Repentance means choosing to turn away from sin.

Before you pray for anything else, you should pray for your relationship with God. Ask God to examine your heart and bring to light anything that is not pleasing to Him. When He does, be quick to repent, acknowledge your guilt and sin, and ask for His forgiveness and for His blood to cleanse you. Ask God for the strength to walk away, forsake, and remove the sin completely from your life, so that your walk with the Lord will not be broken or hindered.

Mistreating Your Spouse

Christians often overlook this reason as to why their prayers do not get answered:

Husbands, likewise, dwell with them with understanding, giving honor to the wife, as to the weaker vessel, and as being heirs together of the grace of life, that your prayers may not be hindered.”

1 Peter 3:7

In this verse, Peter tells husbands that the mistreatment of their wives can cause their prayers to be unanswered.

Although husbands are the main subject of this verse, this also applies to wives. If you don’t dwell with your spouse with understanding, or in other words, if you are harsh, mean, continually and intentionally hurting their feelings, or speaking negative words to them that destroy their self-identity, you need to repent. If you are a husband, who acts like a jerk to his wife, or if you are a wife who manipulates her husband, your prayers will be hindered.

Although you may feel God’s presence when you pray, God won’t be pleased with you. God does not only want you to love Him, but He also wants you to love the people who are close to you, even if they are not perfect. Jesus’ second commandment is not to make sure the people closest to you love you, but rather that you love them. We are responsible for loving those around us—our parents, our spouses, and even our enemies—there is no “unless.”

And the second is like it: ‘Love your neighbor as yourself.’

Matthew 22:39

We are commanded to love our neighbor as ourselves. It’s not a suggestion.

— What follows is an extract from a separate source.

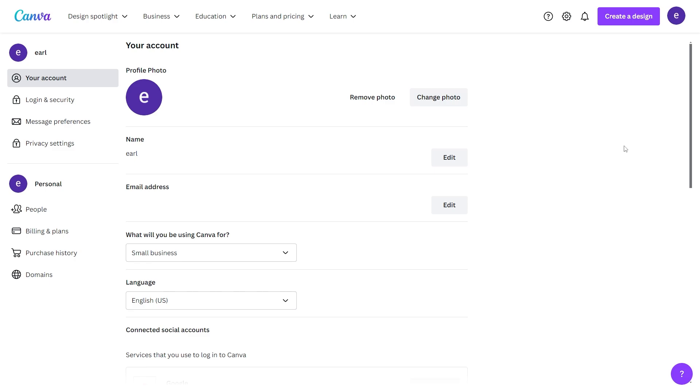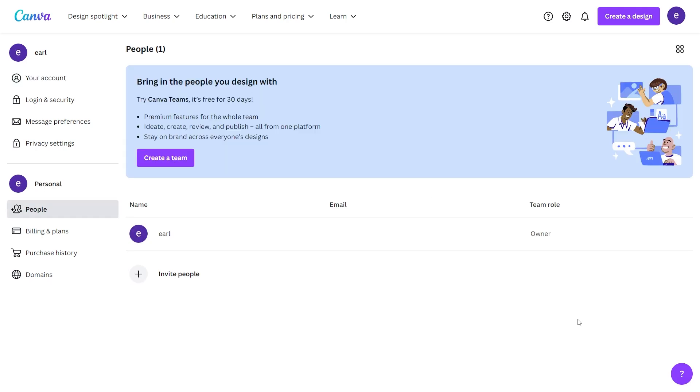From there you'll be on a page where you can see some details about your account. Go to the left-hand side and scroll down to the second section titled 'Personal'. Then go to the first option which is 'People' - this will allow you to add people to your Canva team.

The Bible clearly states that God holds us responsible for our attitudes, especially how we treat and speak to our spouses. If you are praying to God and have a bad attitude or are dealing with an. unrepented sin against your spouse, you may feel that there is a wall between you and God preventing your prayer from reaching Him.

You need to repent before God, then repent to your spouse.

Concluding Thoughts

Prayer is not just another religious duty, nor is God playing games with us to see what gets answered and what doesn’t. Praying is not only petitioning before God but also spending time with Him.

And in that day you will ask Me nothing. Most assuredly, I say to you, whatever you ask the Father in My name He will give you. Until now you have asked nothing in My name. Ask, and you will receive, that your joy may be full.”

John 16:23-25

Jesus encourages us to pray and ask the Father for what we need in His name. He tells us that answered prayers bring joy to us as Christians. It is God’s desire to answer your prayers! He wants to hear from us as His children and He wants to respond.

I encourage you to keep on praying, keep on confessing and repenting of your sins, and growing in holiness and righteousness before God so that He will answer your prayers.